A Polícia Federal informou que aguarda autorização do Ministério do Planejamento para realizar concurso público para o total de

1.352 vagas em cargos de nível médio e superior. O pedido, segundo a assessoria de imprensa, foi feito em meados de outubro para novembro.

São 328 vagas para agente administrativo (nível médio), 116 vagas para papiloscopista, 396 para agente de polícia, 362 para escrivão (os três cargos exigem nível superior em qualquer área) e 150 para delegado (nível superior em direito).

Os cargos de nível superior em qualquer área exigem ainda carteira de habilitação no mínimo na categoria B.
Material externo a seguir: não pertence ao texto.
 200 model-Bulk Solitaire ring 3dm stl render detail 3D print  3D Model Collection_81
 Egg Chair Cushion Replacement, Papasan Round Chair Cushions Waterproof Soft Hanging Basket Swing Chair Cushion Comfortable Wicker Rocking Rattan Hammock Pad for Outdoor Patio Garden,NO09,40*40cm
Os salários são de R$ 3,2 mil para agente administrativo, R$ 7,5 mil para papiloscopista, agente de polícia e escrivão e de R$ 13,3 mil para delegado.

A expectativa da PF é de que as autorizações sejam concedidas a tempo de realizar o concurso no ano que vem.

O concurso para papiloscopista deve ter as mesmas etapas do exame para agente e escrivão abertos ano passado: provas objetiva e discursiva, avaliação psicológica, exame médico e de aptidão física, curso de formação e investigação social.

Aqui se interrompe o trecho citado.